Tournament-winning gomoku AI

Introduction
Rules
Example game 1
Threats
Example game 2
Precomputed patterns
Static evaluation
Board representation
Threat sequence search
Principal variation search
Opening book
Conclusion
References

Introduction

I’m going to describe my Gomoku playing program that I submitted for CodeCup 2020. The program (named “OOOOO”) ended up winning the tournament, placing first in a field of 58 entries, and winning 98 out of 100 games.

CodeCup is an excellent annual tournament for game AIs organized by the Dutch National Olympiad in Informatics. Every year they host a tournament for programs playing a game, with a different board game each time.

In January 2020 the game was Gomoku. It was a bit unusual in that the game chosen was a well-known game. Usually it’s a completely new game, or an obscure game not well known. So I thought that winning submissions might be some existing programs that were already developed previously over many years. This turned out not to be the case.

I enjoyed coding this game very much. The game has very simple rules, and allows very interesting algorithmic ideas.

You can see the results and all the games on the tournament website.

Rules

The game was simple “free-style” gomoku played on a 16x16 board. Players alternate placing black and white stones anywhere on the board, until somebody makes 5 stones in row horizontally, vertically or diagonally, which wins.

To minimize first-player advantage, “swap rule” is employed.
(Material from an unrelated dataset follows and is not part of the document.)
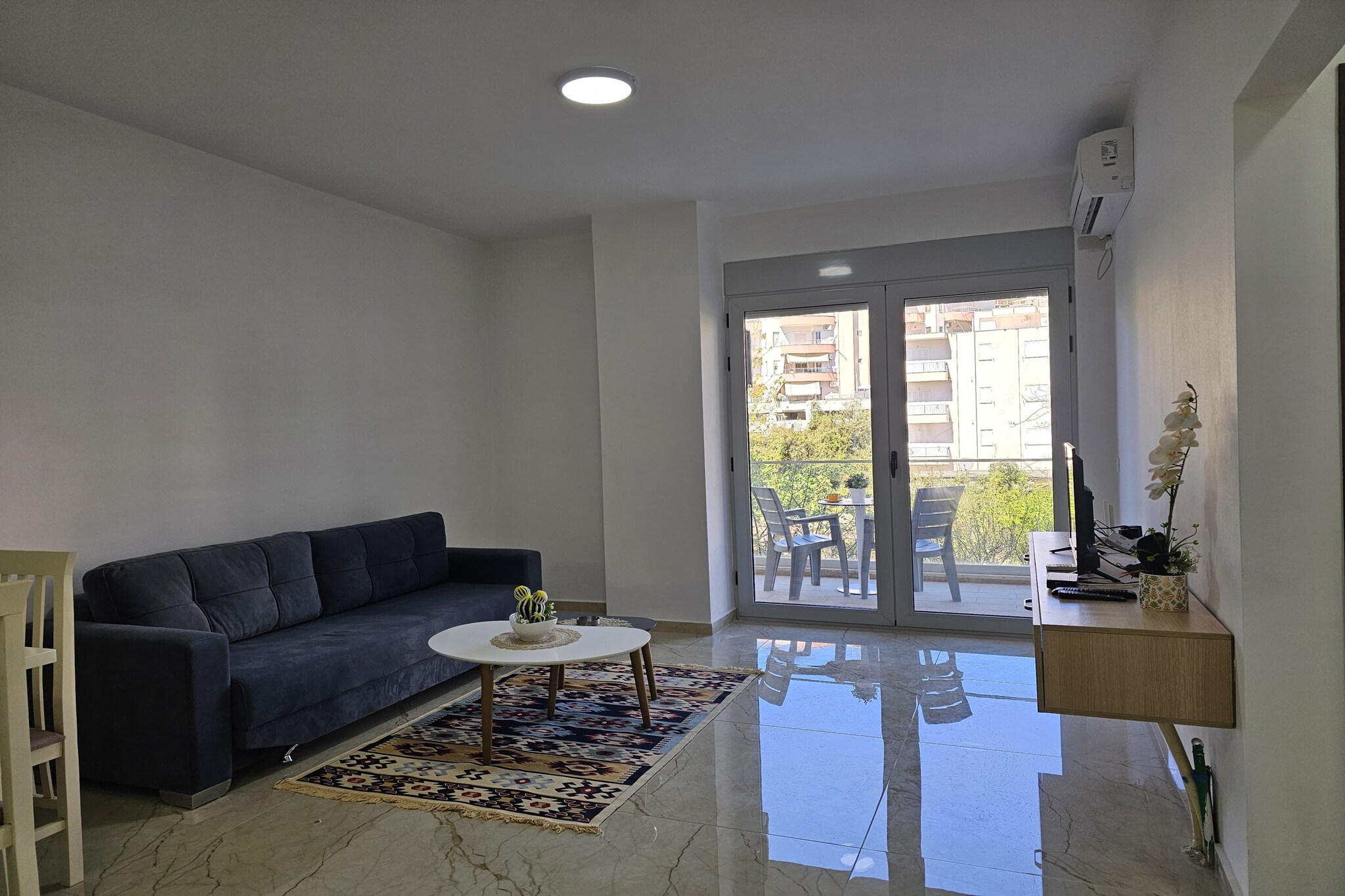 ALS001 - Adili SR Terrace-Salon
One player makes the first three moves (black, white, black), and the other player may choose to continue with white, or swap colors.

Example game 1

Take a look at an example game played between OOOOO (black) and Leopold Tschanter’s “ltgmk” (white).
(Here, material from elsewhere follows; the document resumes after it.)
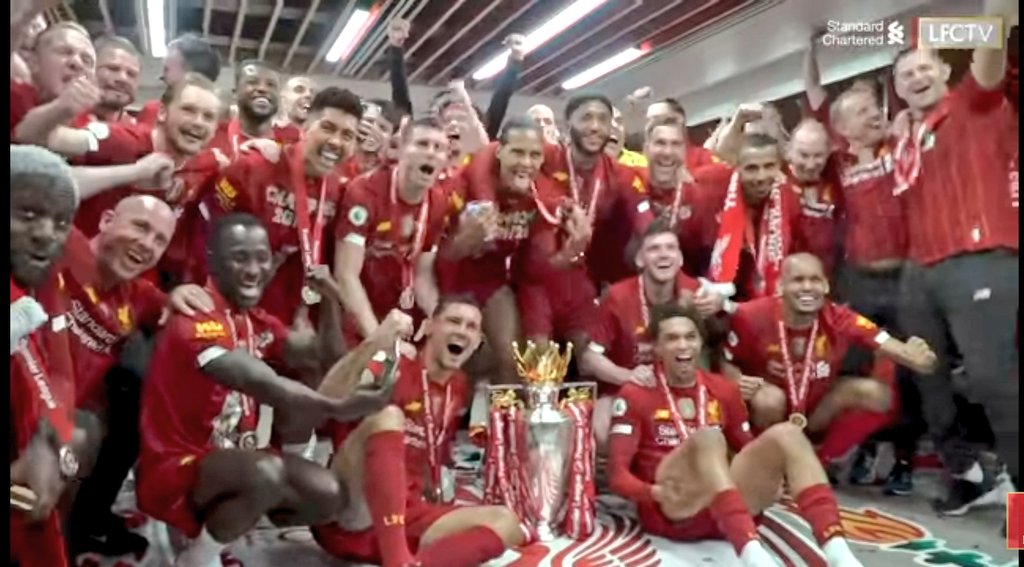 LFC_obsessed8's tweet photo. Was wondering why Taki wasn't in the first pic, guess he was in the tub with the coaching staffs. 😅👍👍
Good to see him enjoying himself. 👍👍
#InsideAnfield
#LFCchampions
#YNWA https://t.co/eu6Xvv723v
The game ended with the following sequence:

game 1

When OOOOO played the move marked as 1, it already knew it was going to win, 13 ply (7 moves) before the game ended. This despite the fact that the space of possible moves is very large: each player has almost all 256 intersections available each move.

The endgame is a forcing sequence of threats to which defenses are more or less forced.
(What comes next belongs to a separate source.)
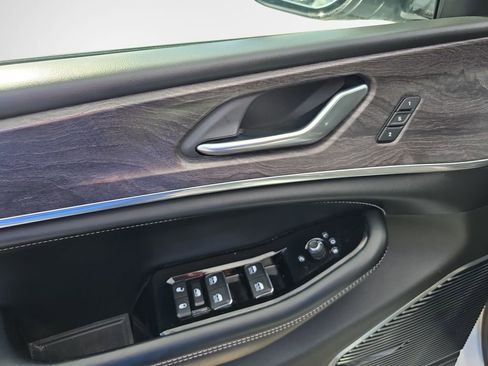 Used 2022 Jeep Grand Cherokee L Overland image 14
Move 1 is a diagonal “simple four” threat. 2 is forced, otherwise black will play at 2 and win immediately.

Move 3 is a diagonal “broken three” threat.

This time however, white doesn’t have to respond immediately. Instead, he makes a stronger counter-threat with a simple four at 4. Black has to defend the counter-threat at 5.

Now white has to go back and address the threat at 3. If he ignored the threat, black would make a diagonal “open four” threat at 6 to which there would be no defense.

So white defends at 6.

Now black makes another simple four at 7. White has to respond at 8.

Now black makes a double “open three” threat at 9. White doesn’t have a good counter-threat, so defends one of these open threes at 10.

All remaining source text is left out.